Source: Kaiser Family Foundation, “Telehealth Continues to Account for More Than a Third of Outpatient Visits for Mental Health and Substance Use Services Well into the COVID-19 Pandemic,” 15 March, 2022

For the past year, states have been rolling back their emergency declarations and health care-related flexibilities. There is now a national conversation occurring in both the federal and state legislatures around which COVID-19 flexibilities should remain in place long term, with many of those conversations centered on telehealth. In many cases, providers’ and payers’ ability to continue offering telehealth services will depend on the future regulatory, legislative and payment landscape at both the state and federal level.

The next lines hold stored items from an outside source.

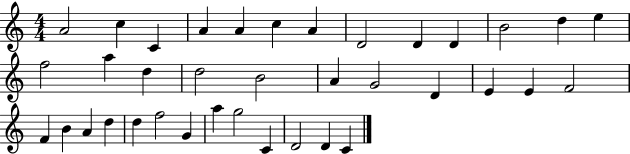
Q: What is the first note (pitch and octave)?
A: A4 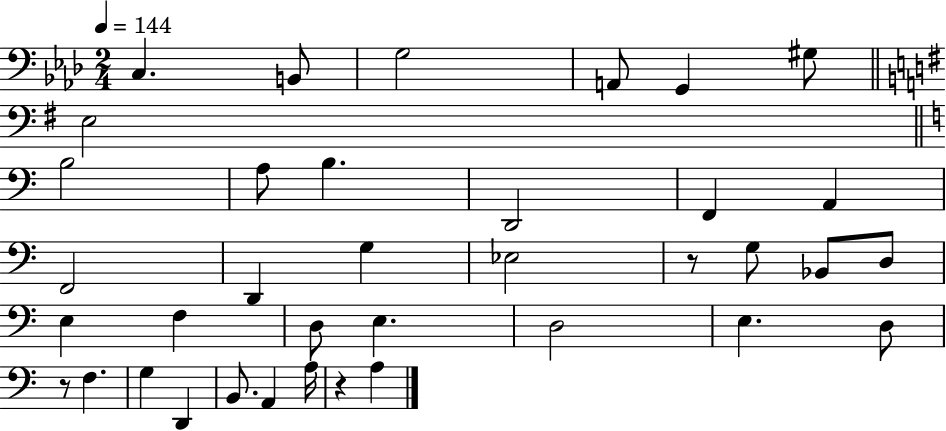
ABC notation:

X:1
T:Untitled
M:2/4
L:1/4
K:Ab
C, B,,/2 G,2 A,,/2 G,, ^G,/2 E,2 B,2 A,/2 B, D,,2 F,, A,, F,,2 D,, G, _E,2 z/2 G,/2 _B,,/2 D,/2 E, F, D,/2 E, D,2 E, D,/2 z/2 F, G, D,, B,,/2 A,, A,/4 z A, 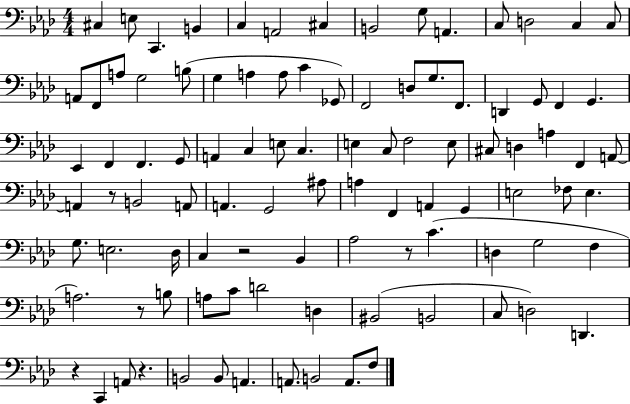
{
  \clef bass
  \numericTimeSignature
  \time 4/4
  \key aes \major
  cis4 e8 c,4. b,4 | c4 a,2 cis4 | b,2 g8 a,4. | c8 d2 c4 c8 | \break a,8 f,8 a8 g2 b8( | g4 a4 a8 c'4 ges,8) | f,2 d8 g8. f,8. | d,4 g,8 f,4 g,4. | \break ees,4 f,4 f,4. g,8 | a,4 c4 e8 c4. | e4 c8 f2 e8 | cis8 d4 a4 f,4 a,8~~ | \break a,4 r8 b,2 a,8 | a,4. g,2 ais8 | a4 f,4 a,4 g,4 | e2 fes8 e4. | \break g8. e2. des16 | c4 r2 bes,4 | aes2 r8 c'4.( | d4 g2 f4 | \break a2.) r8 b8 | a8 c'8 d'2 d4 | bis,2( b,2 | c8 d2) d,4. | \break r4 c,4 a,8 r4. | b,2 b,8 a,4. | a,8. b,2 a,8. f8 | \bar "|."
}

Telehealth waiver trends at the federal level

At the federal level, continued telehealth use requires both regulatory and legislative changes, and the Biden administration and lawmakers have been actively engaged in these discussions. Congress has already acted to temporarily extend certain federal telehealth waivers and is currently considering which telehealth flexibilities to extend further. In addition, CMS is conducting a regulatory review to identify areas where it has the legal authority and the supporting evidence to extend or make permanent certain telehealth flexibilities.

The key concerns policymakers are working to address are overall costs and offsets, health equity, payment parity, modality and geographic location restrictions, quality of care, audio-only care, and the impact on fraud, waste and abuse. For example, the Congressional Budget Office (CBO) estimated that extending certain telehealth policies just five months would cost $633 million. The Committee for a Responsible Federal Budget extrapolated that figure forward, predicting a cost of $25 billion for 10 years.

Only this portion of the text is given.